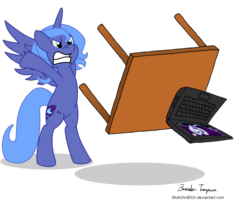 Size: 997x801 | Tagged: safe, artist:ambroise-dart, artist:sketchinetch, edit, princess luna, pony, g4, angry, bipedal, computer, female, glare, gritted teeth, laptop computer, rage quit, s1 luna, simple background, solo, spread wings, table flip, transparent background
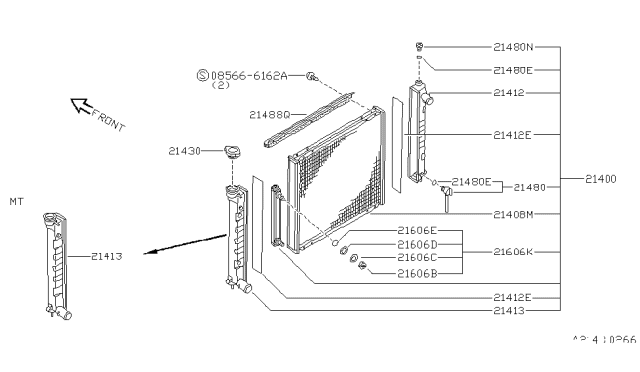 1993 Nissan 300ZX Radiator Assy Diagram for 21410-30P00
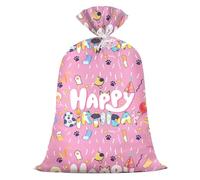 Pink Large Reusable Plastic Gift Bag Birthday Gender Reveal Festive Design for Oversized Gifts, Plush Toys (36" x 56")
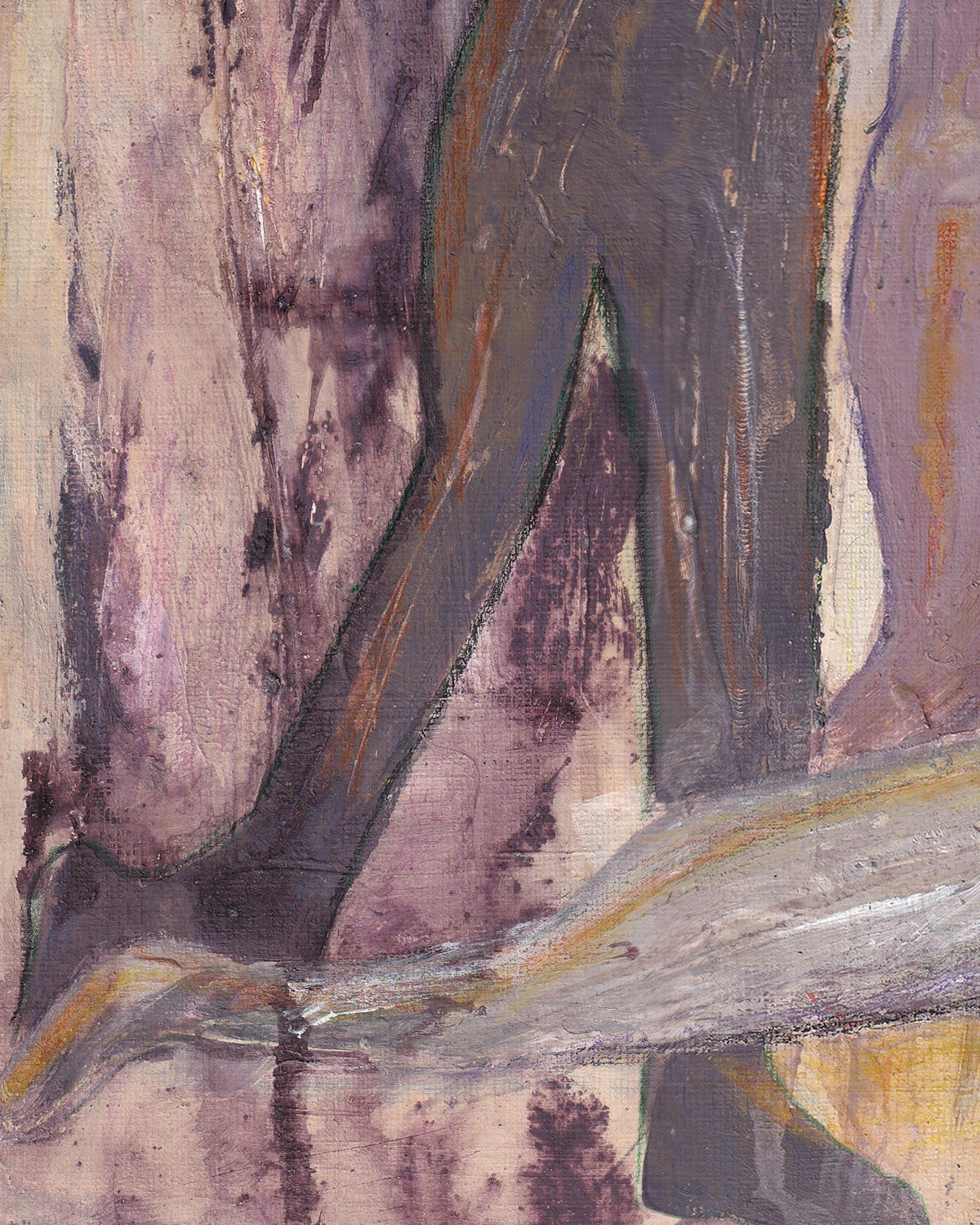 Abstract artwork with textured brushstrokes in shades of purple, brown, and gray.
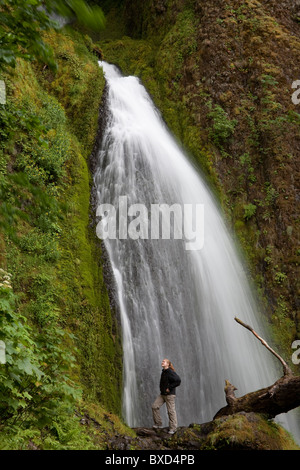 Multnomah Falls Bereich, Columbia River Gorge, Oregon Stockfoto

:::

◆ ASSIGNED TASK ◆
Your answer must be the records exactly as they stand, with no pictures in it.

◆ OUTPUT ◆
 Size: 997x801 | Tagged: safe, artist:ambroise-dart, artist:sketchinetch, edit, princess luna, pony, g4, angry, bipedal, computer, female, glare, gritted teeth, laptop computer, rage quit, s1 luna, simple background, solo, spread wings, table flip, transparent background
 1993 Nissan 300ZX Radiator Assy Diagram for 21410-30P00
 Pink Large Reusable Plastic Gift Bag Birthday Gender Reveal Festive Design for Oversized Gifts, Plush Toys (36" x 56")
 Abstract artwork with textured brushstrokes in shades of purple, brown, and gray.
 Multnomah Falls Bereich, Columbia River Gorge, Oregon Stockfoto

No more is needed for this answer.